The hash used by, for example, Windows Server is the NT Hash. If two users have the same password, they have exactly the same hash.

The algorithm Microsoft uses takes the password and encodes in Unicode instead of ASCII, to allow for passwords in languages such as Chinese and Japanese that do not encode with 8-bits per character but 16-bits per character. Then it is run through MD4 (an algorithm even older than MD5) to produce the NT hash value.

Because password hashes have no variation and any two users with the same password will have the same hash, all the hackers that had cracked wordlists for the last decades have put their results on the internet. For example, you can use the crackstation or hashes.com. This availability has even resulted in a situation where you can just Google frequently used password hashes.

When the passwords cannot be cracked, you can try guessing using hashlib. Make series of guesses (or use a passwordlist), hash them, and hunt for the answer.

import hashlib

hashlib.new("md4", "password".encode("utf-16le")).hexdigest()

Linux password hashes

In Linux, the hashes can be found in the /etc/shadow file.


After each username comes $6, which indicates it is a type 6 password, then there is a random string of characters that goes up to the next dollar sign, the salt, and then an even longer random string of characters, which is the actual password hash itself.

When users have the same password, they have completely different hashes, because a random salt is added before hashing them, to obscure the fact that these passwords are the same.

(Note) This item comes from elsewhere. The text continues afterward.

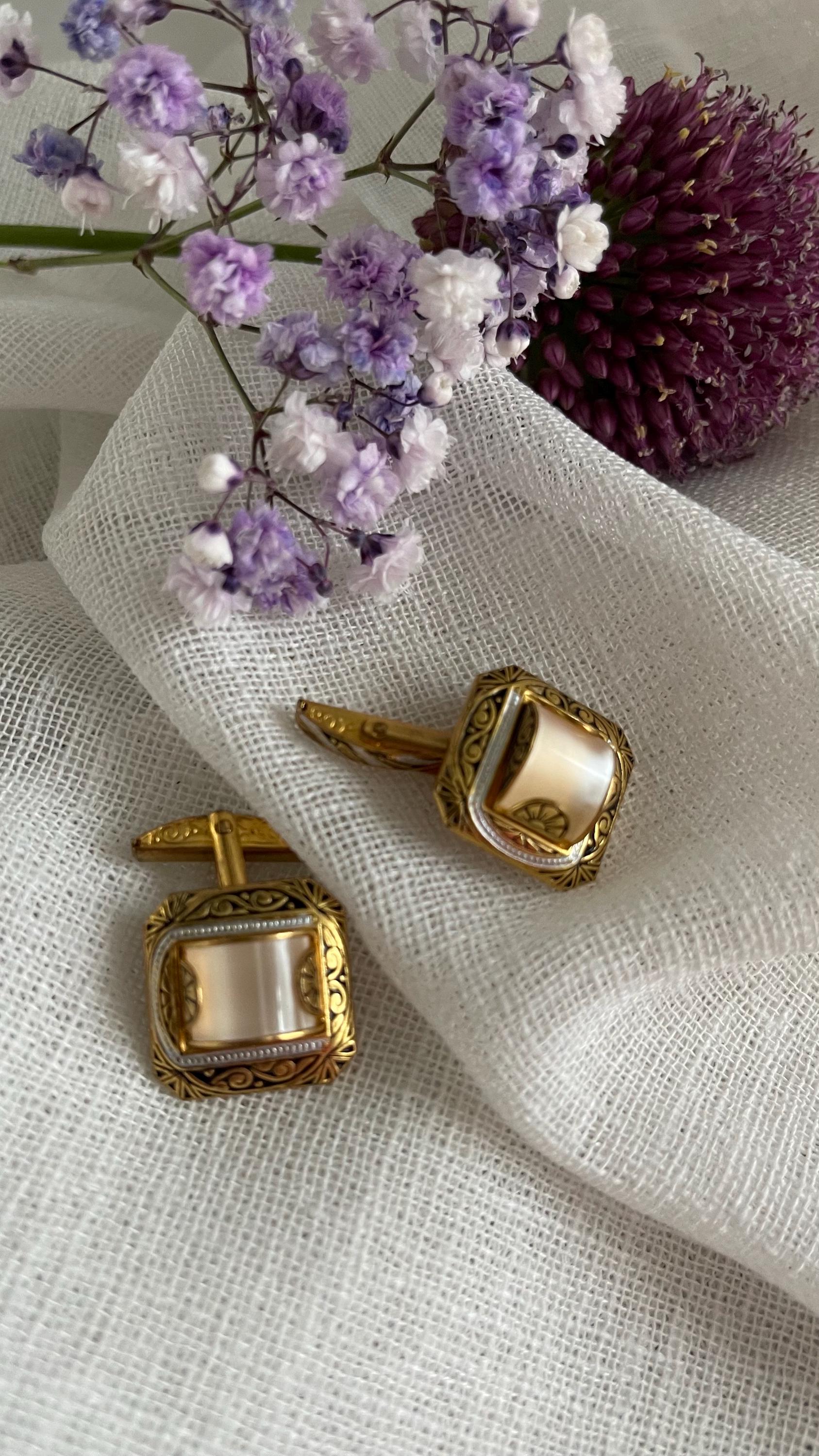 Vintage Manschetten Mit Perlmutt von VintageLaRetro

Besides salting, stretching is also used. Calculating the hash uses 5,000 rounds of SHA-512, which takes much more CPU time. This might slow down attackers trying to make dictionaries of password hashes.

Make series of guesses (or use a wordlist for a dictionary attack), hash them, and hunt for an answer.

from passlib.hash import sha512_crypt

sha512_crypt.using(salt="ligE06T/QLQMANm9", rounds=5000).hash("password")

This will be very, very, time-consuming. You can also use Hascat or John the Ripper

RootMe challenges


Despite their apparent simplicity, hash functions can cause major security troubles when used at the wrong place or in the wrong way—for example, when weak checksum algorithms like CRCs are used instead of a crypto hash to check file integrity in applications transmitting data over a network. However, this weakness pales in comparison to some others, which can cause total compromise in seemingly secure hash functions.